Before you come back saying something about scalability, I've run both databases at way above average scale so what you choose should come down to what you need, which is not what was done in this case (your friend)


I think his comment was mostly about the fact that you can learn a lot about relational databases by reading Postgresql's source. He did say at the height of NoSQL hype. To me, that choice of words gives subtle hints as to the historical context and a disclaimer about the pertinence of that decision. Thank you for your input though, it provides food for thought for the next person mulling over a similar decision.


It sounds like his friend didn't choose anything, his bosses did.


>Your friend chose wrong. HORRIBLY wrong.

Yeah, obviously. Also, he didn't choose anything. The tech stack was mandated on him.


Sometimes the best way to learn the value of something is to try really hard not to use it.

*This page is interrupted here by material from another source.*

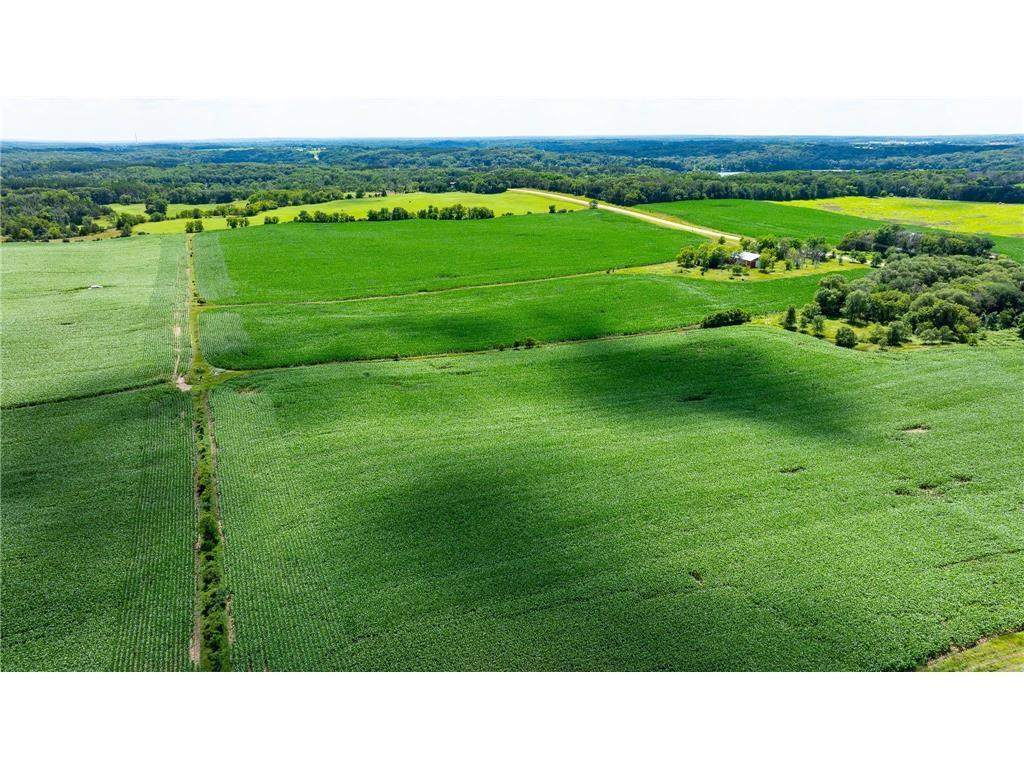 15XXX Paul Avenue N May Twp MN 55047 6746421 image8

Agree! I've accidentally found this gem. It is really written from the actual hands-on engineering/programming perspective which covers all aspects, from the front-end to the actual storage implementation.


Sciore is a great teacher! I had him at BC 20 years ago for both database systems and object oriented programming. I didn't know he put out a few books, I'll have to check them out.


I've been looking for this type of book. Thanks!


Folks interested in this sort of thing might like Anatomy of a Database System by Stonebreaker et al, which I think is the most concise treatment on the subject: http://db.cs.berkeley.edu/papers/fntdb07-architecture.pdf

Also, see Redbook for the latest ensemble of research ideas in databases. http://www.redbook.io


The Redbook looks like an awesome resource. I think it's a real shame that find resources at the intermediate level of database system design is so hard; feels very much like the "how to draw an owl" meme


> it's a real shame that find resources at the intermediate level of database system design is so hard

This is a common problem across subjects. Learning resources need to be curated topic-wise, format-wise, & difficulty-wise. Some of us have started doing this over here: https://github.com/learn-awesome/learn-awesome

Join in and help curate the database systems topic? https://github.com/learn-awesome/learn-awesome/blob/master/d...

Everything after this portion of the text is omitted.